Page 138 - 3M A ALMA ENCANTADORA DAS RUAS
P. 138
A musa acaba até com a má fama antiga, e se não faz versos diz verdades. Qual de vós teria a
coragem de conservar quand même essa atitude de bondade para com todos os políticos? Esse
esquisito sentimento dos poetas da calçada tem uma seqüência lógica – o jacobinismo pândego,
a crítica acerba, toda de alto, com desprezo das coisas estrangeiras. A guerra hispano-americana
foi motivo de um milheiro de cançonetas. Todas afinam por este diapasão:
La Union Española
Lembrou-se de oferecer
Passagens a seus súditos
Para a pátria defender.
Mas eles, que nem lá vão,
Passam cá vida folgada
Quase todos pelotaris
Nos boliches, nas touradas.
Quando por acaso o capadócio ama uma estrangeira, confessa, mas arreliando o seu bem:
Tomei amores com uma argentina
Outro melhor jamais vi no mundo
É terno, gringo, profundo
É também das mais sensuais.
E a volubilidade, a despreocupação, a ironia complacente do malandro nacional exterioriza-se nas
canções resultantes de grandes agitações como as causadas pela lei do selo, a reforma da
higiene, a vacina obrigatória. A musa não se encoleriza, ri. O selo só fez compreender ao malandro
que os fornecedores podiam ser multados:
Sapateiro já não pode
Bater sola sossegado
Se não selar as botinas.
Catrapuz! está multado.
Uma das canções mais populares sobre a peste bubônica tem este estribilho:
Os ratos fazem qui, qui, qui,
Qui, qui, qui, qui, qui
As pulgas pulam daqui
Pra ali, dali praqui, daqui prali
Os gatos fazem miau
Miau, miau, miau
Quem inventou a peste bubônica
Merece muito pau.
E a vacina obrigatória, que quase apeia o governo do conselheiro Alves, deu uma infinita série
de quadras livres.

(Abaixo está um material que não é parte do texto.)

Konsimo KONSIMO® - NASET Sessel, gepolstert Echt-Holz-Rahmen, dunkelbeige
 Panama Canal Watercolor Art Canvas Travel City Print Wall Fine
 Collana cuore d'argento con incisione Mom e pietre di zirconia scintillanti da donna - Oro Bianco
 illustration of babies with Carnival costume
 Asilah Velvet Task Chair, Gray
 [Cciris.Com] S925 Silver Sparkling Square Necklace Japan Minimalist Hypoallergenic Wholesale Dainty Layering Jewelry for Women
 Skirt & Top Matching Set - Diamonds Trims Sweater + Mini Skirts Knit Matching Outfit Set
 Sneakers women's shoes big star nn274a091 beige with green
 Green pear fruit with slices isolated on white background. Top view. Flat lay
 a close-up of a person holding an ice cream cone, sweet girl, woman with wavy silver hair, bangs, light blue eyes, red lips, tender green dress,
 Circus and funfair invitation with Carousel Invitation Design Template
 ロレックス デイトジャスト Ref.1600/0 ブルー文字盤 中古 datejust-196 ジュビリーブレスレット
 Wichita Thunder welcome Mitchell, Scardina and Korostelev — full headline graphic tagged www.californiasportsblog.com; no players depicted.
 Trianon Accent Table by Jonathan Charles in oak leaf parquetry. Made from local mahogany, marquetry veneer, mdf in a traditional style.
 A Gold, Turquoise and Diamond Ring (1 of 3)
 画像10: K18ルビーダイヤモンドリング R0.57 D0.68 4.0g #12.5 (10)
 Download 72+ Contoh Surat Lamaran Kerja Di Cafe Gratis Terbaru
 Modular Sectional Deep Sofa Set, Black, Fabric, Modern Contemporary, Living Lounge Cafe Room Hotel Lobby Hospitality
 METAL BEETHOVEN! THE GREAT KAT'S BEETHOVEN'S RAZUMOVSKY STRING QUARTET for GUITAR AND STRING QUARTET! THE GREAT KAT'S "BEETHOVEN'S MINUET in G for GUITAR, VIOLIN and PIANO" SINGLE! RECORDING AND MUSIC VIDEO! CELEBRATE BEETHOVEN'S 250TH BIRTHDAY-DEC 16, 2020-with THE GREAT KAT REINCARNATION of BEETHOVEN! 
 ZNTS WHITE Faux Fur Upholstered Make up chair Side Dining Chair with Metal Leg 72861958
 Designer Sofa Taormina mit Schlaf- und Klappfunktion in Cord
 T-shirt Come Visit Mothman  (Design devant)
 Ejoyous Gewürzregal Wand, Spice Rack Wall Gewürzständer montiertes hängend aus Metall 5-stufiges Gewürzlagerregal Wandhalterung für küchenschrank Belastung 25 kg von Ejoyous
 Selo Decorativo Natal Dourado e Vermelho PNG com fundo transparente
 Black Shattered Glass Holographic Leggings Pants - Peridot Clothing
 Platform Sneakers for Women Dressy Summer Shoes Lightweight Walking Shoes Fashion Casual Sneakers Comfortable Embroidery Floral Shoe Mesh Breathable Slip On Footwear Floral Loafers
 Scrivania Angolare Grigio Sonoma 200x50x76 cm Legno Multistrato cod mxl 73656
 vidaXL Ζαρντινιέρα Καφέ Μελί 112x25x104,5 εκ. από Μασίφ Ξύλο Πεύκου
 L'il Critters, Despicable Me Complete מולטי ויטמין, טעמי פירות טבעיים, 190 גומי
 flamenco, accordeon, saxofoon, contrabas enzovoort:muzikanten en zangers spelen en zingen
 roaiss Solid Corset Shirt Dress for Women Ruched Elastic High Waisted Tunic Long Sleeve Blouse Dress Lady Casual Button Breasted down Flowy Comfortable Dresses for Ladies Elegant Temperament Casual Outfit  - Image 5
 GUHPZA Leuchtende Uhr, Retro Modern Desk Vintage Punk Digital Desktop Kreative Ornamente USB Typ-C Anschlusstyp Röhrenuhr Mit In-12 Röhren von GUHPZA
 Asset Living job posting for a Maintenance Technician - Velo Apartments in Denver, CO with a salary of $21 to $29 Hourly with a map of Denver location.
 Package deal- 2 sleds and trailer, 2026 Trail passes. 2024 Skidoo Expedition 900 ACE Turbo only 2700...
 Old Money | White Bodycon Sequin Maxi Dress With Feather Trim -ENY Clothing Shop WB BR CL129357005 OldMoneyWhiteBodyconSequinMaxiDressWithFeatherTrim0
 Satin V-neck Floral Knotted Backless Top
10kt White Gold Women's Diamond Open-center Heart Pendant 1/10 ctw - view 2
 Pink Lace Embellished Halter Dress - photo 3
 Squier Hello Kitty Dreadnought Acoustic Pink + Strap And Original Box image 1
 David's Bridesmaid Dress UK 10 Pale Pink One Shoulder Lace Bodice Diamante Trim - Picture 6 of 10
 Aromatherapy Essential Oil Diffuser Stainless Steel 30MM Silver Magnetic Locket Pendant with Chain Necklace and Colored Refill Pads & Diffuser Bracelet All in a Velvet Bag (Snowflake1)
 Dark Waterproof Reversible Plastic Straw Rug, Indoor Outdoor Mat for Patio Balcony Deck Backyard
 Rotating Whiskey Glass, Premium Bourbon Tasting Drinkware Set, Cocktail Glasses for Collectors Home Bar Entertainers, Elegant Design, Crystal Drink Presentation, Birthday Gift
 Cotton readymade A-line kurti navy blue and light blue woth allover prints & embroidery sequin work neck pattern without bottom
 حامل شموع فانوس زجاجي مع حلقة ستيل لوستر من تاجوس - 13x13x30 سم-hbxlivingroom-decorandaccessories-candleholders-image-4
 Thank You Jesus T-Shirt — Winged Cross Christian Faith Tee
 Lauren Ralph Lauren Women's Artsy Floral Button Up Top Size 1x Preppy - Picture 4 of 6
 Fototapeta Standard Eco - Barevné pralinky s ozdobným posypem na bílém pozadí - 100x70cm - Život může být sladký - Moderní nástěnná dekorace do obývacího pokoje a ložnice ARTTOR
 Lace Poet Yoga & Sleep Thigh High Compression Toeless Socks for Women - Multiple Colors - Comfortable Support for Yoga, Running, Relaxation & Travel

Patriota, jacobino, pândego, o atual bardo da calçada gosta exatamente dessas
tolices fesceninas – é a tara da modinha desde Gregório de Matos – gosta mesmo de rimar
sandices, assim como se vê, abandonado à margem da poesia, mas todos esses sentimentos se
fundem na sua extrema liberdade, e o bardo abre o coração como uma represa de lirismo.